= DATA TO EXAMINE =
>>

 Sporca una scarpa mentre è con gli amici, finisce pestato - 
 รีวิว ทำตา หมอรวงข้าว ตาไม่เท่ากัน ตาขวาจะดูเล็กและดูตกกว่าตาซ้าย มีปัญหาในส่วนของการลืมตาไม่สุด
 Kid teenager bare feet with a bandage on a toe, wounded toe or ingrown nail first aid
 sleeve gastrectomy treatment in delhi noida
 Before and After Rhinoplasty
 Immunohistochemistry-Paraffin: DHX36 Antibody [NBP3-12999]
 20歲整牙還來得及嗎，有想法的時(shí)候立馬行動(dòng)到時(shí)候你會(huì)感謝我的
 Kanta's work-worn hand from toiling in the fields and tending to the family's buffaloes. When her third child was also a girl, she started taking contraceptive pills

<<
>>

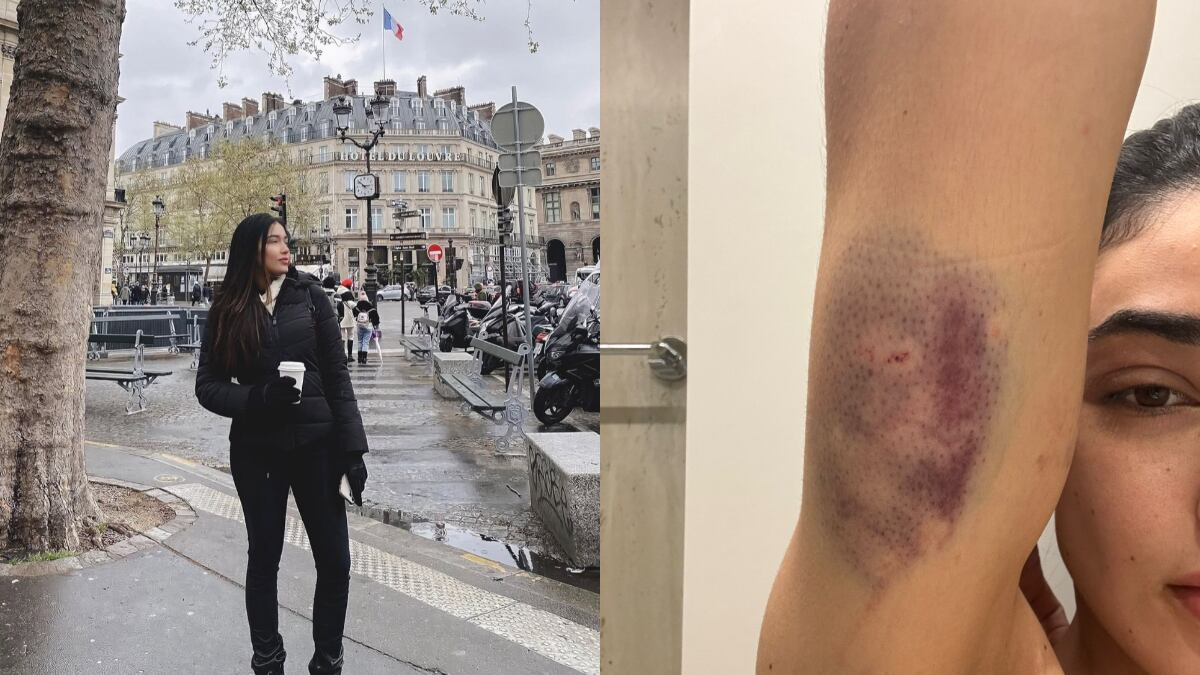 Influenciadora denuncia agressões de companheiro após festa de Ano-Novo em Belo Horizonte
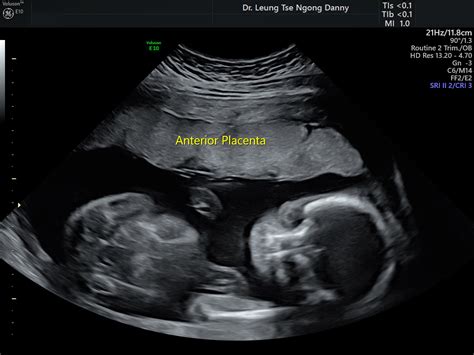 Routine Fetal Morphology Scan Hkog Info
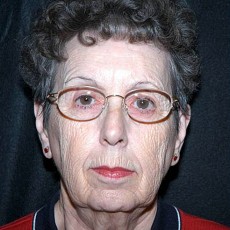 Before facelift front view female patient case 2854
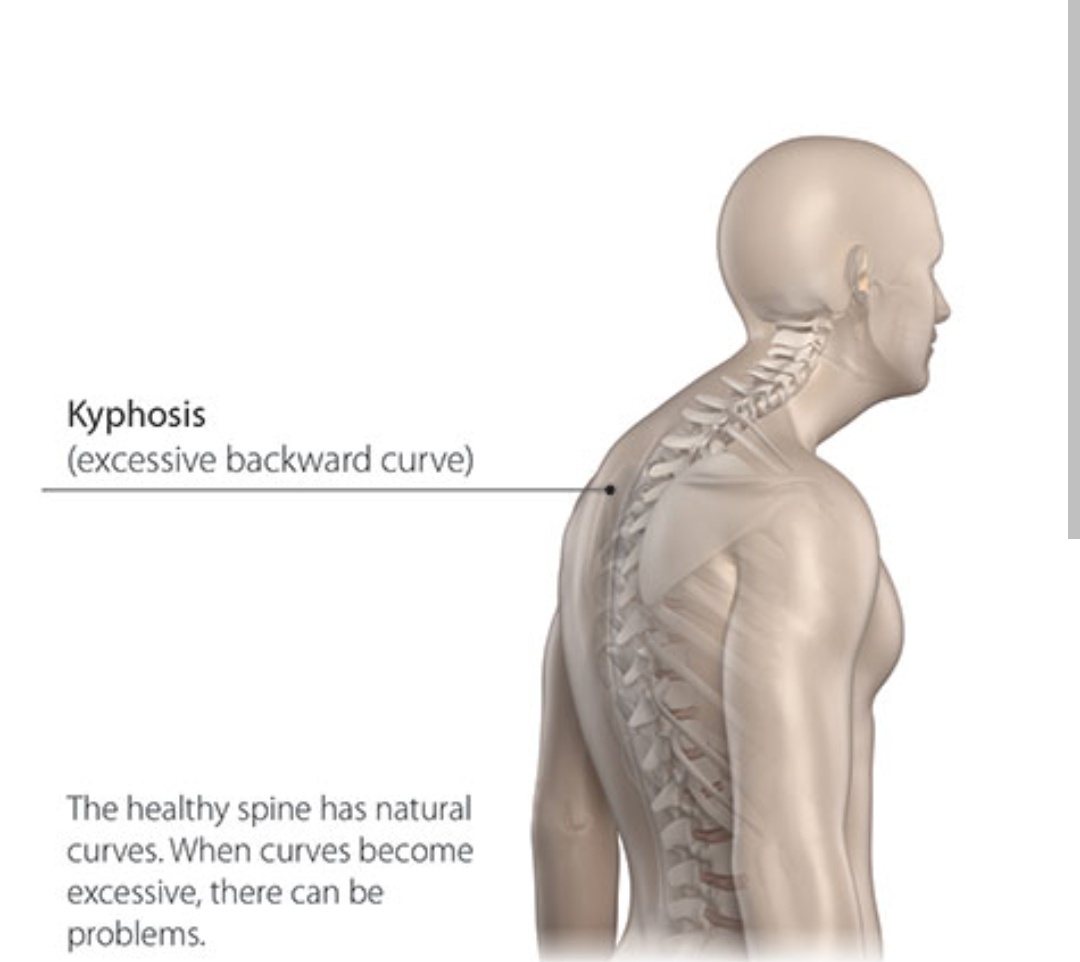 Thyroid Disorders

<<

= DIRECTIONS FOR THIS TASK =
Look above for the line with "Sporca una scarpa" and the line with "Kanta's work-worn hand". Write out those two lines and all the lines between them, exactly, and no others.

= SOLUTION FOR THIS PROBLEM =
 Sporca una scarpa mentre è con gli amici, finisce pestato - 
 รีวิว ทำตา หมอรวงข้าว ตาไม่เท่ากัน ตาขวาจะดูเล็กและดูตกกว่าตาซ้าย มีปัญหาในส่วนของการลืมตาไม่สุด
 Kid teenager bare feet with a bandage on a toe, wounded toe or ingrown nail first aid
 sleeve gastrectomy treatment in delhi noida
 Before and After Rhinoplasty
 Immunohistochemistry-Paraffin: DHX36 Antibody [NBP3-12999]
 20歲整牙還來得及嗎，有想法的時(shí)候立馬行動(dòng)到時(shí)候你會(huì)感謝我的
 Kanta's work-worn hand from toiling in the fields and tending to the family's buffaloes. When her third child was also a girl, she started taking contraceptive pills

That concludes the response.